History

United States
- Name: USS Delphinus
- Builder: Workman, Clark and Co., Ltd., Belfast
- Laid down: 1915, as SS San Mateo
- Launched: 5 May 1915
- Acquired: 11 August 1942
- Commissioned: 11 August 1942
- Decommissioned: 8 May 1946
- Renamed: Delphinus, 22 August 1942
- Fate: Returned to the War Shipping Administration, 8 May 1946

General characteristics
- Type: Store ship
- Displacement: 5,230 long tons (5,314 t) full load
- Length: 328 ft (100 m)
- Beam: 44 ft 2 in (13.46 m)
- Draft: 23 ft (7.0 m)
- Propulsion: Reciprocating engines, single screw, 2,500 shp (1,864 kW)
- Speed: 12.5 knots (23.2 km/h; 14.4 mph)
- Complement: 107
- Armament: 1 × 4"/50 caliber guns; 1 × 3"/50 caliber guns; 6 × 20 mm guns;

= USS Delphinus (AF-24) =

Cargo ship of the United States Navy

USS Delphinus (AF-24) was built in 1915 as by Workman Clark and Co., Ltd., Belfast, Northern Ireland; acquired by the U.S. Navy 11 August 1942; and commissioned the same day as San Mateo. She was assigned the name Delphinus on 22 August 1942.

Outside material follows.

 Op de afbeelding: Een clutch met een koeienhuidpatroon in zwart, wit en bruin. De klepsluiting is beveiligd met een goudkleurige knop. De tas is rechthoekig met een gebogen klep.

== World War II Pacific operations==
Departing San Francisco, California, 12 September 1942, Delphinus arrived at Auckland, New Zealand, 4 October. She operated from this base until the end of 1945, carrying chilled and frozen provisions to forward bases in the South Pacific and to the Society, Fiji, and Samoan Islands.

After calling at Manila in January 1946, Delphinus sailed for the west coast, arriving at San Francisco, California, 23 February. For a brief period she carried cargo along the west coast and to Pearl Harbor, then sailed to New Orleans, Louisiana.

== End-of-War Decommissioning ==
Delphinus was decommissioned on 8 May 1946 in New Orleans, and was delivered to the War Shipping Administration the same day.